--- Input material ---
******
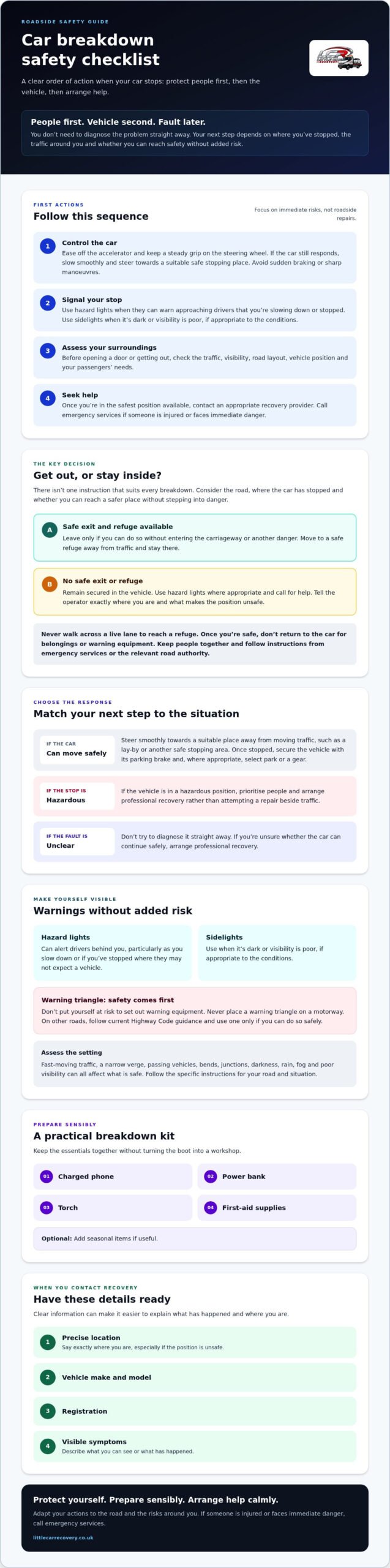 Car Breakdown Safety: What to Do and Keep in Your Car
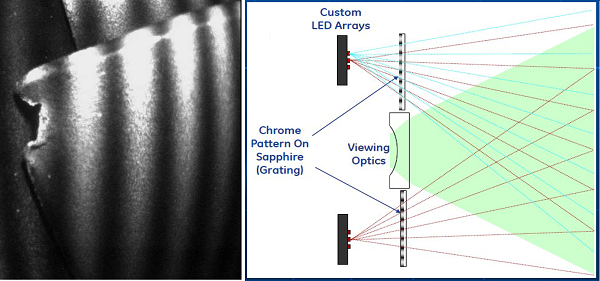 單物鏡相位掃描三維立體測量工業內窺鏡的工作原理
******
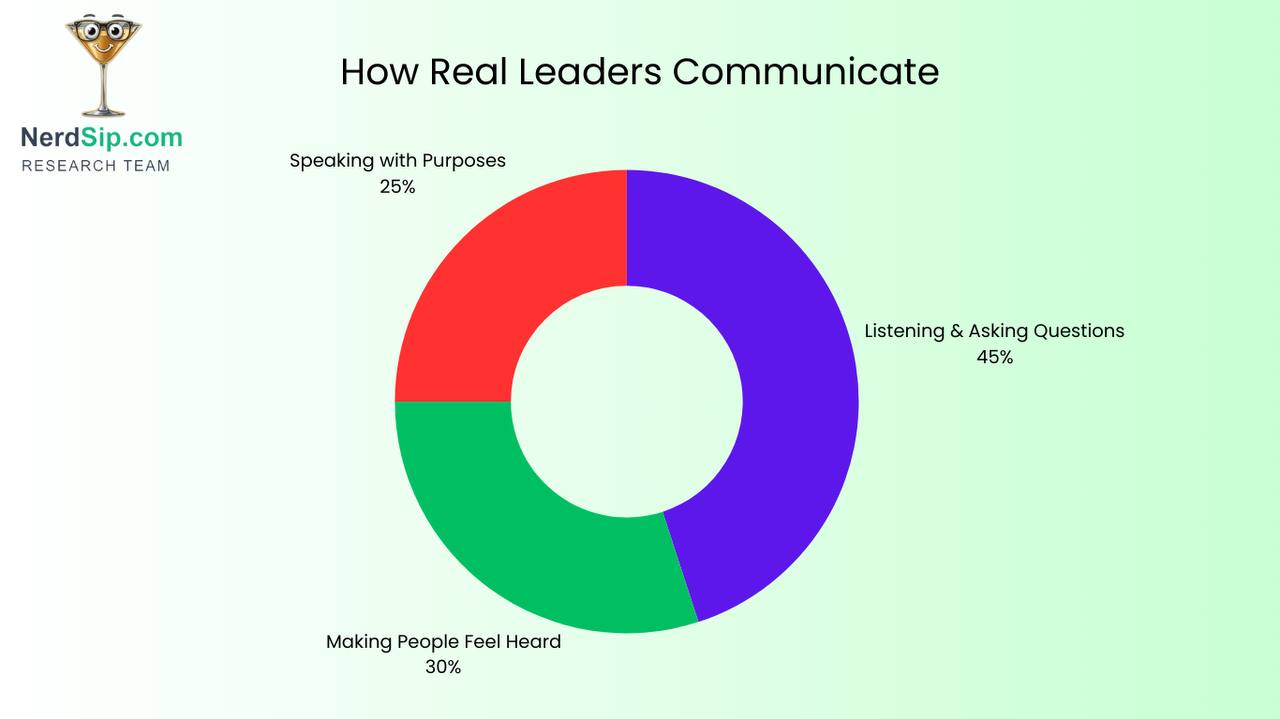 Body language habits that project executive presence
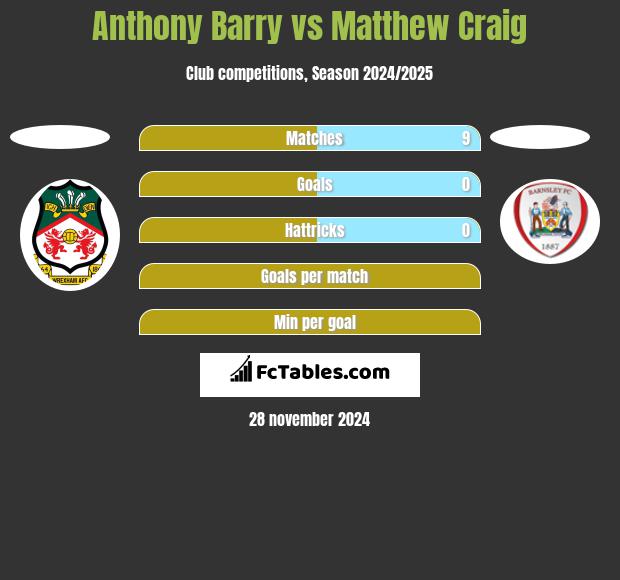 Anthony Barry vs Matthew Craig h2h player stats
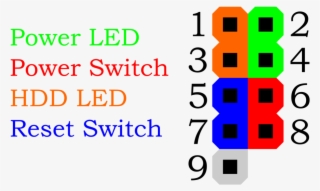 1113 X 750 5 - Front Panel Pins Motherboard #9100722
******
--- Task objective ---
Although pictures appear among the entries, please set down only the lines from the one with "Anthony Barry vs" up to and including the one with "1113 X 750 5", word for word.

--- Output below ---
 Anthony Barry vs Matthew Craig h2h player stats
 1113 X 750 5 - Front Panel Pins Motherboard #9100722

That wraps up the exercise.